AT LAST, EYES ON THE FBI



AT LAST, EYES ON THE FBI
Los Angeles Times: When FBI agents arrested Robert Philip Hanssen in February, they nabbed one of the most damaging traitors in American history, a turncoat in their ranks who revealed secrets that aided enemies including, perhaps, Osama bin Laden. The most important thing Hanssen revealed, however, is just how inept the nation's leading federal law enforcement agency has become, and how urgent its need for a radical makeover.
In a new book, "The Bureau and the Mole," Pulitzer Prize-winning journalist David A. Vise reports that Hanssen gave the Kremlin the United States' plan for carrying on government functions during nuclear war as well as access to an online intelligence system-information that Moscow's agents may have passed on to Bin Laden.
Sexual fantasies: Vise also charges that Hanssen left a voluminous Internet trail of sexual fantasies about himself and his wife under his own name and that his own brother-in-law, a fellow FBI agent, had warned his superiors in the Chicago bureau that he suspected Hanssen of spying. The agency, Vise writes, "could have halted Hanssen's damaging disclosures in 1990 by carrying out a standard probe involving physical and electronic surveillance."
The intervening decade was not the FBI's best. The Richard Jewell-Olympic bombing investigation, the Wen Ho Lee espionage case and the agency's failure to turn over documents in the Timothy McVeigh case have caused public confidence in the bureau to plummet.
The attacks on Sept. 11 threw a withering spotlight on the bureau, and at last meaningful change appears to be in the works. To begin with, Atty. Gen. John Ashcroft has ordered his deputy, Larry Thompson, to do a "comprehensive review" of the FBI, and Judge William H. Webster, a former director of the bureau and the CIA, heads a commission examining internal security. In addition, Ashcroft has given the Justice Department's inspector general expanded powers to investigate allegations of bureau irregularities -- an important reform since, until now, the FBI had been responsible for policing itself.
Perhaps the most promising signs, however, have come from new FBI head Robert Mueller. In contrast to his predecessors, Mueller has been listening to recommendations from Capitol Hill about improving security. Already, he has restructured the agency, creating a new position that will focus on internal risks.
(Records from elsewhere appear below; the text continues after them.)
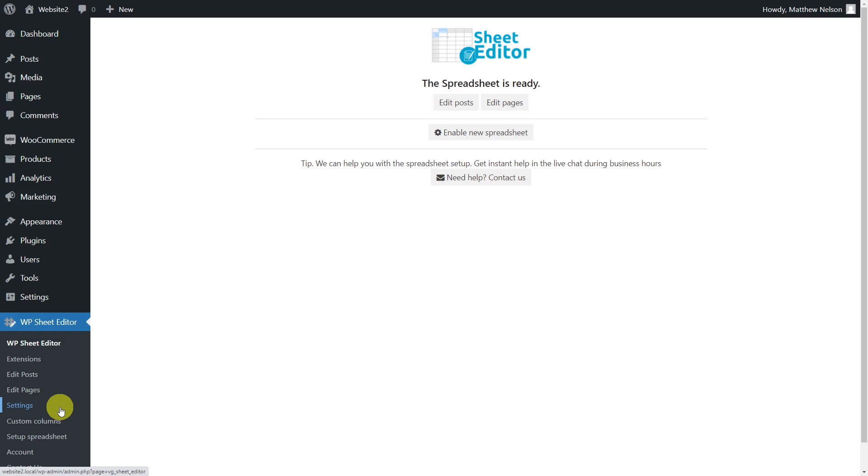You can find the link to download the plugin in the description of this video. Also, you'll find the link to our written guide.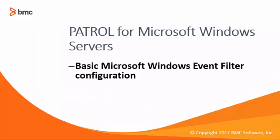Hi! Welcome to this tutorial where we will see how to create a basic Windows Event Filter Configuration by using Patrol for Microsoft Windows Servers.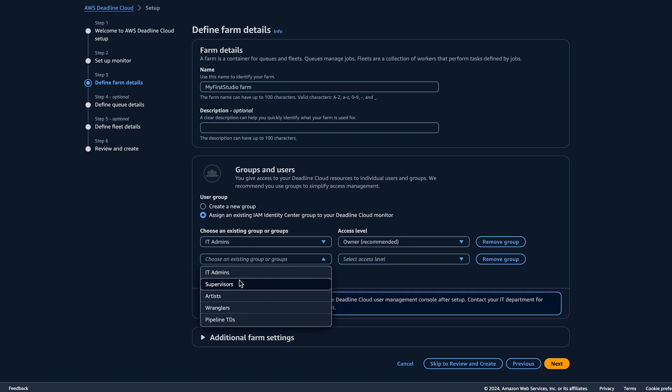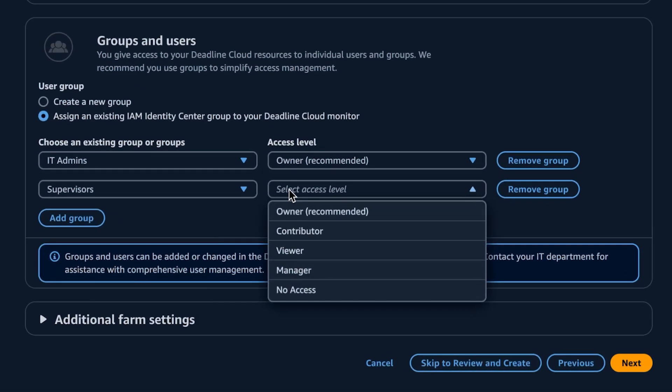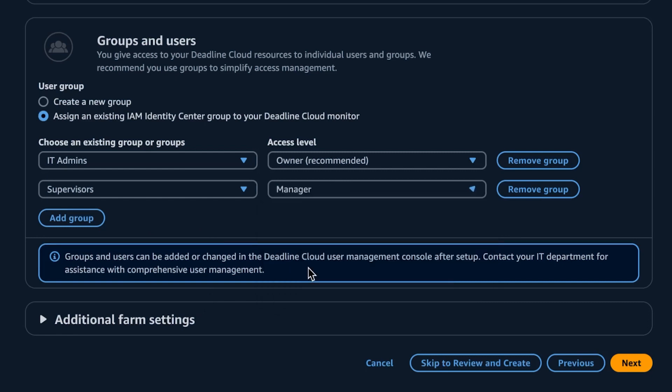For each resource, you can grant viewer, contributor, manager, or owner access levels to your identity system's groups. The access levels offer a lot of flexibility. A group with viewer access could monitor job status and logs but not make any changes, while groups with owner access can control budgets, monitor usage for cost visibility and control.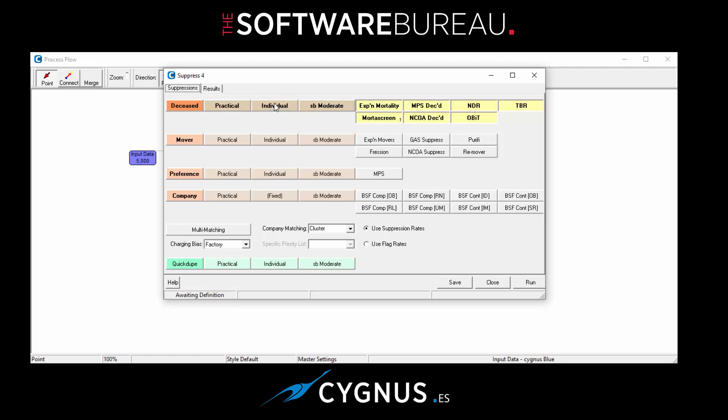And we have the matching levels of individual, family, or one per address. And we have the forename matching levels of loose, moderate, strict, and ultra strict.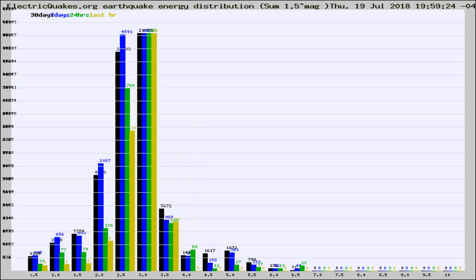Different colored columns are for 30 days, 7 days, 24 hours, and the last hour.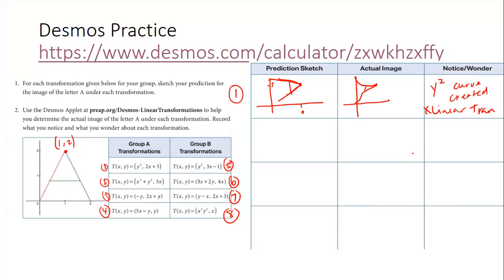So this tells you that this is not a linear transformation. You're going to choose which four of the eight you think are most linear just from looking at them, make a prediction sketch, and then actually go through and find the sketch. Let's check back at 9:55.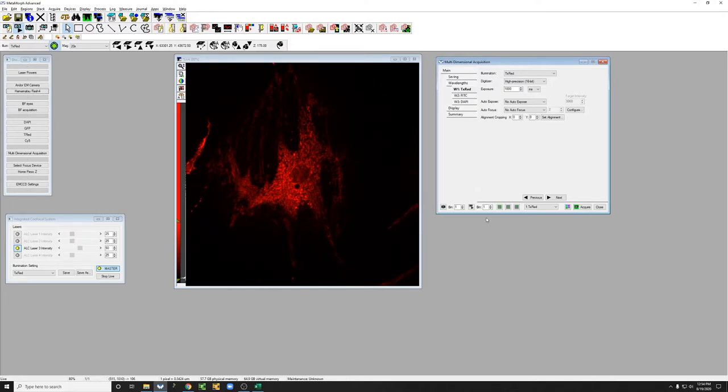One of the things that we can adjust is the binning. So what is the binning? The binning means the following.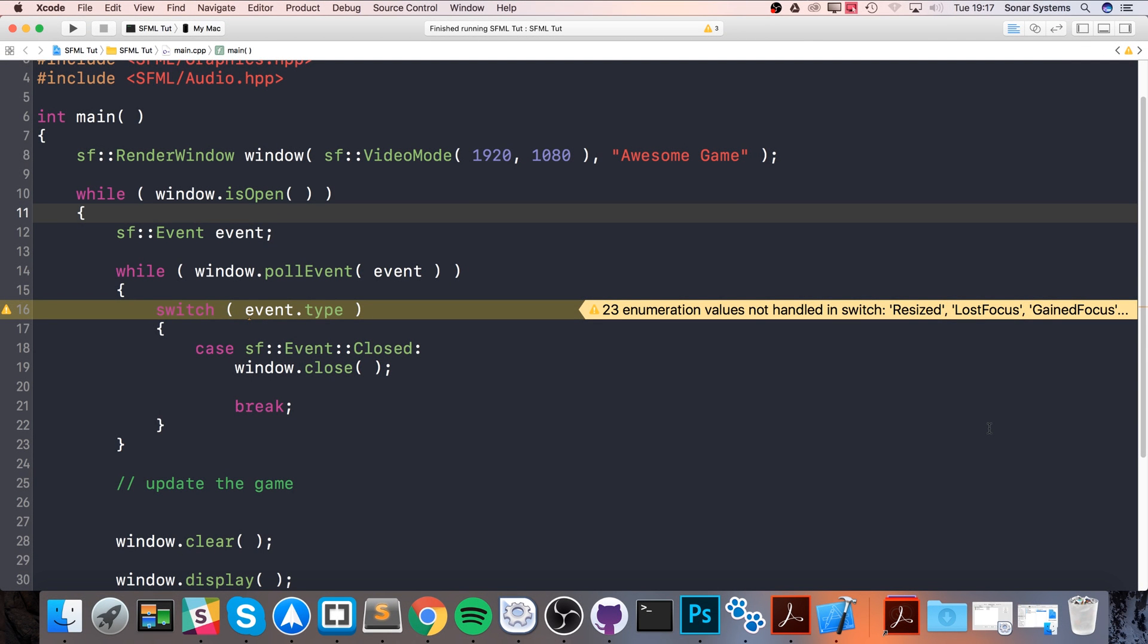Hello, in this SFML tutorial we are going to cover handling time. SFML has this really cool feature that allows you to create a time object and what you can do is basically set a time to it. You can set it to use microseconds, milliseconds, or seconds depending on what level of precision you want.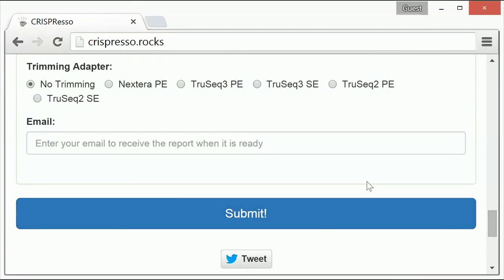Finally, you can click the submit button at the bottom of the screen. Clicking the submit button will allow CRISPResso analysis to begin.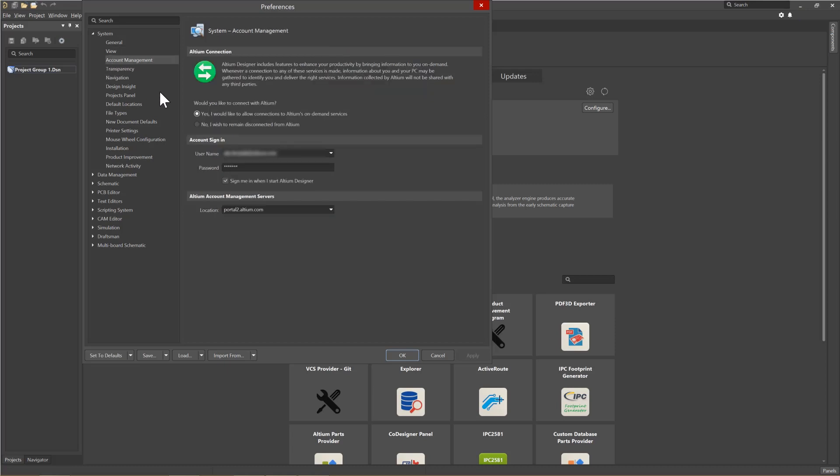Clicking on the Account Management icon, we see the option to auto-connect to Altium, as well as the auto-sign-in for Altium Live.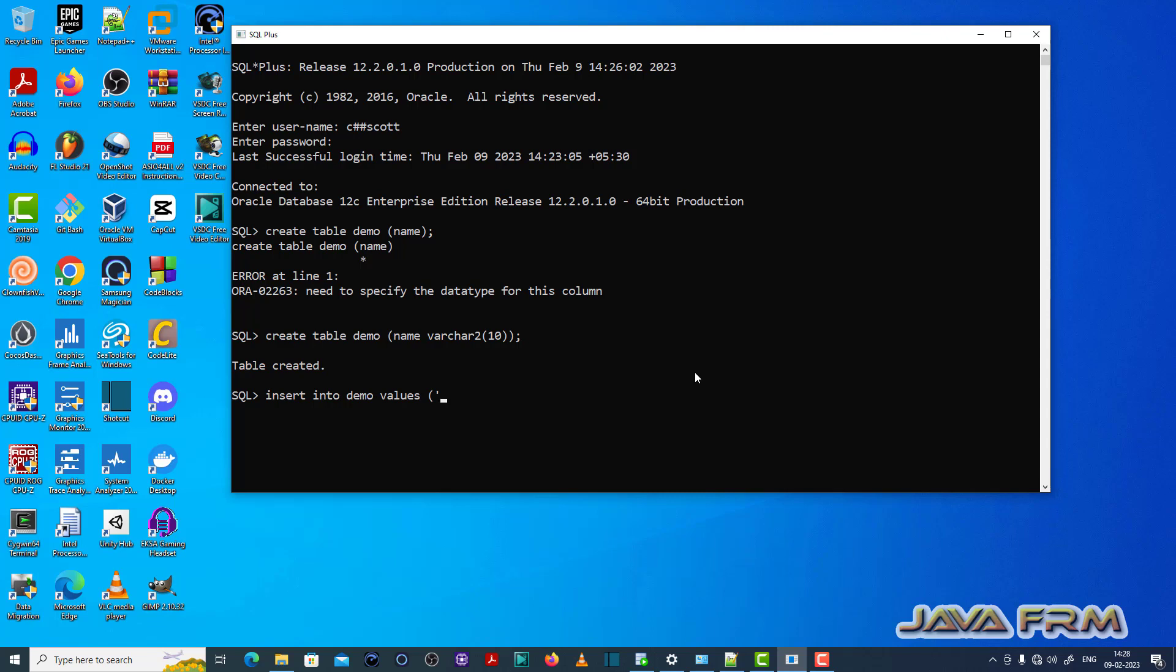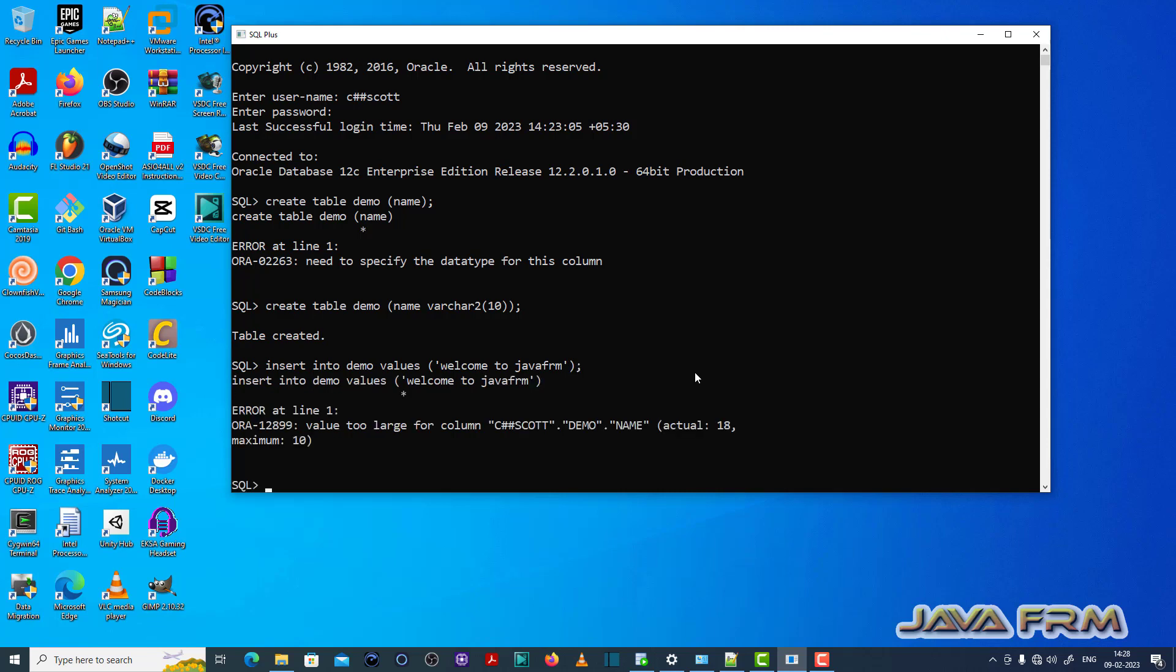Now let me insert one value to the demo table. It is throwing the ORA-12899 error: value too large for column.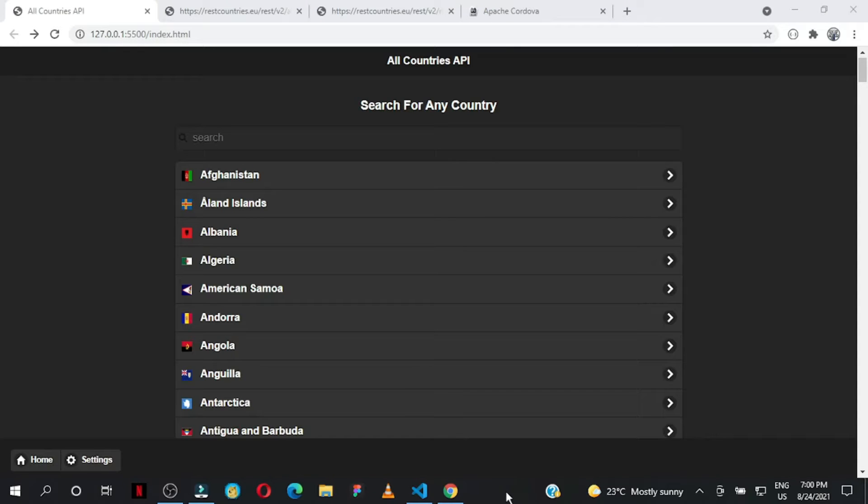Hello friend, welcome back to the channel. In this simple tutorial, I'd like to show you a project I created using jQuery Mobile, Fetch API, and JavaScript.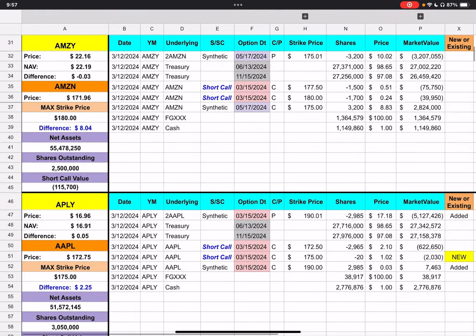And, we will move on. We have AMSI. It closed at $22.16. Amazon closed at $171.96. We have two short calls, one with a strike price of $177.50. So, we're roughly $5.52 away from that strike price. And then, the other one is $180. And, we are $8.04 away from that strike price.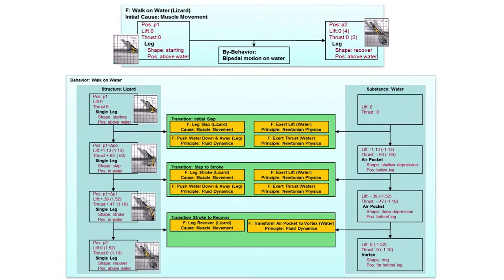Recall that we said earlier that for analogical mapping and transfer to occur well, requires a deep understanding of the source case and the target problem. That is true here as well, in case of analogical design.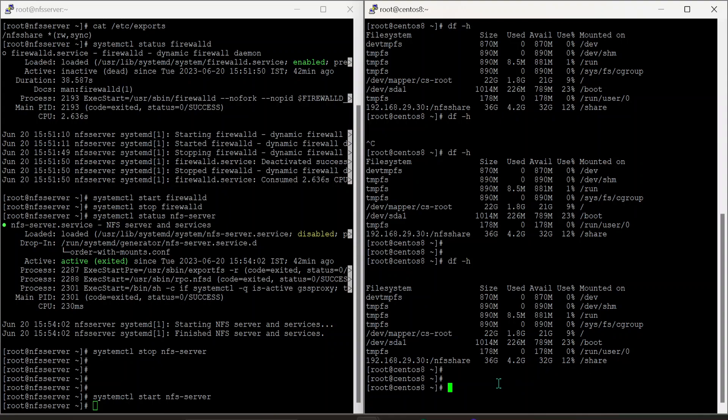Once I start the NFS server, the df-h command shows the output again. This is the most common issue we face in Linux servers — df-h hangs when an NFS share is mounted but unreachable. That is the end of the video, thank you for watching.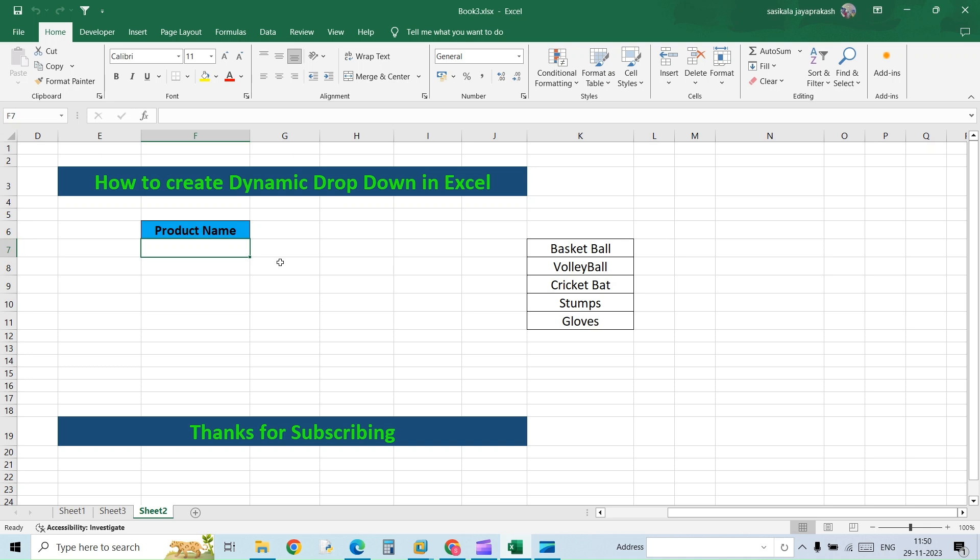Hello all, welcome to my channel Learning Oasis. In this video we're going to see how to create a dynamic dropdown list. By dynamic dropdown list, I mean when you add a new entry to the list, it should automatically show up in the dropdown. Let's see how to do it.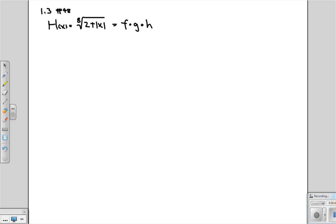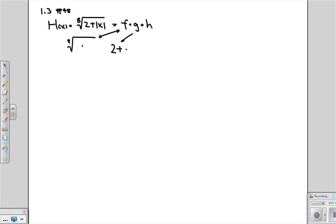The key here is to realize that this is really composed of three different pieces. The first thing is you're taking the eighth root of something — that comes last, so that's going to represent f. What are you doing before that? Well, you're adding 2 to whatever you have, so that's going to correspond to g. And then the initial thing that you do is you take the absolute value of something, so that's going to correspond to h.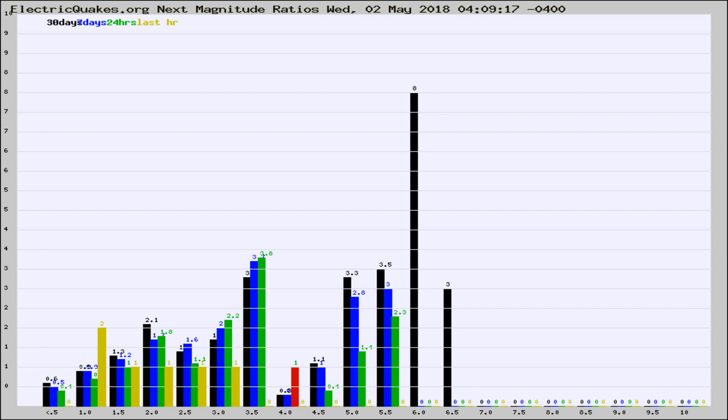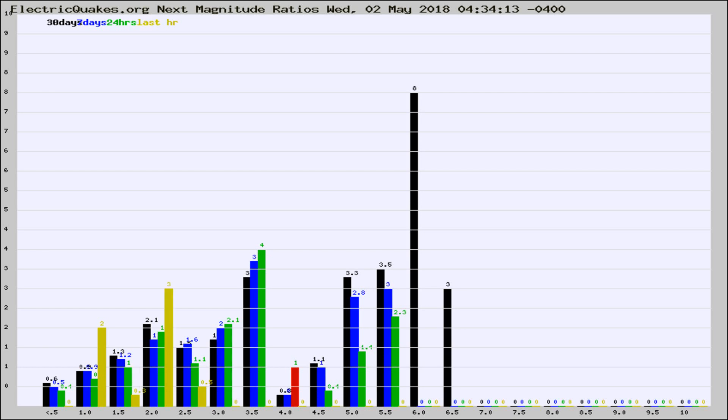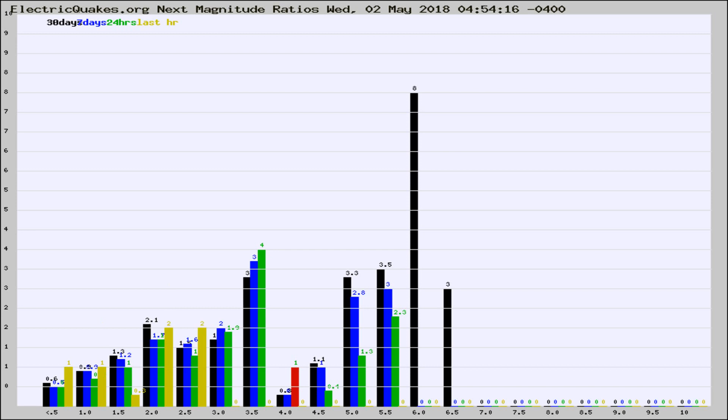Now you're seeing the next magnitude ratios, which is a graph of the ratio of, say, magnitude 2 to the number of magnitude 3s, which should stay consistent for any given area. If it changes between the last 30 days, 7 days, 24 hours, and last hour, it may indicate something unusual happening in that area.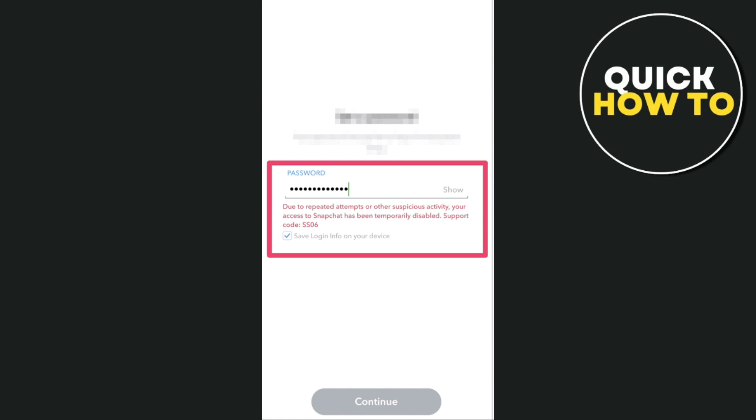So yeah, that's basically what you're going to do. You just have to wait for a few minutes or hours until your Snapchat is fixed. And you must remember that if you forget your password, don't try to attempt it multiple times so you will not receive any error like this.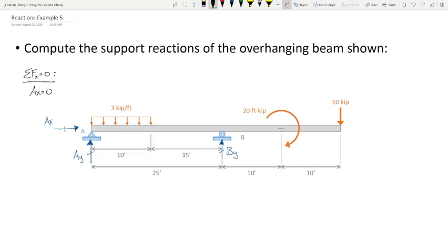Now I'll deal with the distributed load the way I have been — collapsing it into a single point load. What is the magnitude? 30 kips. And how far from A? Five feet. Because it's a uniformly distributed load, the centroid of that rectangle is halfway over.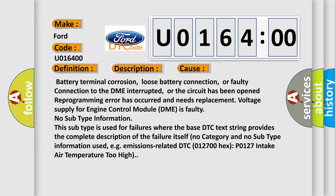No subtype information. This subtype is used for failures where the base DTC text string provides the complete description of the failure itself. No category and no subtype information used, e.g., emissions-related DTC 012700-HECS-PO127 intake air temperature too high.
Ingrown hostility: By all indications, Mueller is tenacious and determined that the shakeup he has launched will amount to more than a mere shuffling of bureaucratic chairs. Real reform will depend on overcoming the bureau's ingrown hostility to change. Mueller should start by rooting out and punishing anyone responsible for the Hanssen debacle. That would clear the way for stopping anyone who might be planning a follow-up to Sept. 11. The Hanssen espionage case and the Sept. 11 atrocities put a withering light on the bureau. Positive change may now be underway.